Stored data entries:

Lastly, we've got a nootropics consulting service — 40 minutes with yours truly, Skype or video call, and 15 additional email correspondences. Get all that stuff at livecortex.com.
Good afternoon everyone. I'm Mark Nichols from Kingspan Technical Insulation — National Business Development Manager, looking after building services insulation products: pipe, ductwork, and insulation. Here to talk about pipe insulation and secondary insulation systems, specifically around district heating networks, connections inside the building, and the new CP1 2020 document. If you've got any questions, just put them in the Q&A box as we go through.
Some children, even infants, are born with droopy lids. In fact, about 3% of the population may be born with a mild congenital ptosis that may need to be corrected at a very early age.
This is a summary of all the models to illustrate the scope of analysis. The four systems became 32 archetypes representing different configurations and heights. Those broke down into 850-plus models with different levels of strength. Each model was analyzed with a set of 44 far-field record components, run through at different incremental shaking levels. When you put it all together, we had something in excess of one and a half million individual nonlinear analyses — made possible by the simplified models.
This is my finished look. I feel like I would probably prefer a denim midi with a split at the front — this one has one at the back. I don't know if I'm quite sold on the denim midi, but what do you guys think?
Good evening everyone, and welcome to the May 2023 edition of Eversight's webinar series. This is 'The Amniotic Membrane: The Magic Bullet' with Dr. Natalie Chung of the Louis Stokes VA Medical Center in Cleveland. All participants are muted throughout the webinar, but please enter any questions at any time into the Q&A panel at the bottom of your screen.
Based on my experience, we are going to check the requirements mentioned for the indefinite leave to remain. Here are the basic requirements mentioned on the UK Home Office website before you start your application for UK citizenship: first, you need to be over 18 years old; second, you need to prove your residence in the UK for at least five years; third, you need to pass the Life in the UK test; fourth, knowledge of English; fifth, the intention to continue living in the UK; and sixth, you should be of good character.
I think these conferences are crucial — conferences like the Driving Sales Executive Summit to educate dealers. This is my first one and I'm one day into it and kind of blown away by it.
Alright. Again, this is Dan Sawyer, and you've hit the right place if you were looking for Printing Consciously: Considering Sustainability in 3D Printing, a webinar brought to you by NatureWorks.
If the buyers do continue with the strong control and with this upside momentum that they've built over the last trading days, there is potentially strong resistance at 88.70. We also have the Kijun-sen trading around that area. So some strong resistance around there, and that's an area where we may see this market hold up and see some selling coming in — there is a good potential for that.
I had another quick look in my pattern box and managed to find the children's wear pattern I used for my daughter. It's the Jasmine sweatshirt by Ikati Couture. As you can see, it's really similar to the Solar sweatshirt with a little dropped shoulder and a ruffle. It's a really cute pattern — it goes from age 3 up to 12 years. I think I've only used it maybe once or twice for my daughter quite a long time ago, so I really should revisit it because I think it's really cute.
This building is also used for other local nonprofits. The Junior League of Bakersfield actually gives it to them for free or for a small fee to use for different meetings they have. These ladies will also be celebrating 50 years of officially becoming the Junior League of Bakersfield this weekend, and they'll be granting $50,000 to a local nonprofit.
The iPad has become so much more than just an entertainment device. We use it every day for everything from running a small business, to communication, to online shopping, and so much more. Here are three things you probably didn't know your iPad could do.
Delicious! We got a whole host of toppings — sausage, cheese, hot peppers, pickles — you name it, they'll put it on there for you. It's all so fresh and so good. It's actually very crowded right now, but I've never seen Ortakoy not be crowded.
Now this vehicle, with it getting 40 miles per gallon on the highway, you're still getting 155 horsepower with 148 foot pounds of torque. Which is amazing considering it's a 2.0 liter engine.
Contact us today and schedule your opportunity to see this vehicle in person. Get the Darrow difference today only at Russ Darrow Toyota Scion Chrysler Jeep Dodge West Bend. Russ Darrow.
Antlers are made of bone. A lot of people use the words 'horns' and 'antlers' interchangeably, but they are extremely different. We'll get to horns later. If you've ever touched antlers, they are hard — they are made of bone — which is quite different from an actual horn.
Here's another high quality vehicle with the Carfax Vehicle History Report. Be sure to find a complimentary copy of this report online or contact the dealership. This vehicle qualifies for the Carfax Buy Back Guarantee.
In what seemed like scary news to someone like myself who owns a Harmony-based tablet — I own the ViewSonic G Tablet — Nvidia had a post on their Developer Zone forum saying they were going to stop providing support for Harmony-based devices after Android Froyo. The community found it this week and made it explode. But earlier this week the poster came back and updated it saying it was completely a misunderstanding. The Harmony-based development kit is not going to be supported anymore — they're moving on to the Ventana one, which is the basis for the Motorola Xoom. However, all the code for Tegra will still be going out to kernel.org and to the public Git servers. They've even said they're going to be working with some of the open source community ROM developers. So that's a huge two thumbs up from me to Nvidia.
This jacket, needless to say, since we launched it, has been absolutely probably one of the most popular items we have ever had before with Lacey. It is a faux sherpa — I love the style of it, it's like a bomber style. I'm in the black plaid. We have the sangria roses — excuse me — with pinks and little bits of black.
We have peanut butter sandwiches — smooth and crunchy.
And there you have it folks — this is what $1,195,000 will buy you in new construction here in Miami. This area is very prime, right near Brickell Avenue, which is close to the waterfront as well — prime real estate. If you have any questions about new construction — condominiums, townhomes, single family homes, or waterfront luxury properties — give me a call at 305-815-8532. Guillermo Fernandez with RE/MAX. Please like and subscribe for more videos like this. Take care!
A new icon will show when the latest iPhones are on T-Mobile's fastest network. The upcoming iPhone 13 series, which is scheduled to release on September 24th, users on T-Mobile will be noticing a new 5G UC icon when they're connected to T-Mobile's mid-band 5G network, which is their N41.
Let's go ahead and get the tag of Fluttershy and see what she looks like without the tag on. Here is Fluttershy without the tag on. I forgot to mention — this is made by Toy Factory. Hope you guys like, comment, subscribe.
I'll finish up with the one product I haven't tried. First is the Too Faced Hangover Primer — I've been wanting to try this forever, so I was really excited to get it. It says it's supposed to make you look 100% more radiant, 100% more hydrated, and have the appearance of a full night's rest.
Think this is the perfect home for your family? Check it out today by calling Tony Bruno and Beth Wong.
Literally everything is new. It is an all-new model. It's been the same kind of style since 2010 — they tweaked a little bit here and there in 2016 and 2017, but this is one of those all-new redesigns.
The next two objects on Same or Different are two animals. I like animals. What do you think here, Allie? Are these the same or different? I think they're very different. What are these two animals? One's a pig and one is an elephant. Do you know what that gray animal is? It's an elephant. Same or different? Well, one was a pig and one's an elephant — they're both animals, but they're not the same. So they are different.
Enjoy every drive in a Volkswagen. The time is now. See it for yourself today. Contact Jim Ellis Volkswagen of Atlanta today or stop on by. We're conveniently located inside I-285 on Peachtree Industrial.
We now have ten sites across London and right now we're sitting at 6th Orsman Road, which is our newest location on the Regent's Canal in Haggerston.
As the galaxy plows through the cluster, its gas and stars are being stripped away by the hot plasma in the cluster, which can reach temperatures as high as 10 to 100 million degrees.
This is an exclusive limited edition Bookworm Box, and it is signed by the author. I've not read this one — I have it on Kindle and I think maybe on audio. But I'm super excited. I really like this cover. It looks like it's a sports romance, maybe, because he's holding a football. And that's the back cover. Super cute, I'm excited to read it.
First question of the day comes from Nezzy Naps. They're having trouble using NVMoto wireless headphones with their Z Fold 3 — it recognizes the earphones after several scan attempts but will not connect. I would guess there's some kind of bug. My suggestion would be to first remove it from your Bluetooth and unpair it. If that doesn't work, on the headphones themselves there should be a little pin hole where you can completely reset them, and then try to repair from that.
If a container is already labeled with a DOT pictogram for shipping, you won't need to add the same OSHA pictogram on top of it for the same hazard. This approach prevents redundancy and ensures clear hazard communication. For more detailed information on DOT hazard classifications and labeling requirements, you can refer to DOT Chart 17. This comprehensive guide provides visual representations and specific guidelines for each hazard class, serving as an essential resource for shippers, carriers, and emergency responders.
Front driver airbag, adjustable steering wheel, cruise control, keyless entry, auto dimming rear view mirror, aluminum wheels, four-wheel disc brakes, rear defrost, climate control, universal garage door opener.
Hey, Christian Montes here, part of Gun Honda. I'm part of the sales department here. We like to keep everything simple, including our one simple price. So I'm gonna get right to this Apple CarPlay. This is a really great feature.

WHAT IS NEEDED: In the records above, locate the lines holding the word "vehicle". Copy each of them.

PROBLEM SOLUTION:
Now this vehicle, with it getting 40 miles per gallon on the highway, you're still getting 155 horsepower with 148 foot pounds of torque. Which is amazing considering it's a 2.0 liter engine.
Contact us today and schedule your opportunity to see this vehicle in person. Get the Darrow difference today only at Russ Darrow Toyota Scion Chrysler Jeep Dodge West Bend. Russ Darrow.
Here's another high quality vehicle with the Carfax Vehicle History Report. Be sure to find a complimentary copy of this report online or contact the dealership. This vehicle qualifies for the Carfax Buy Back Guarantee.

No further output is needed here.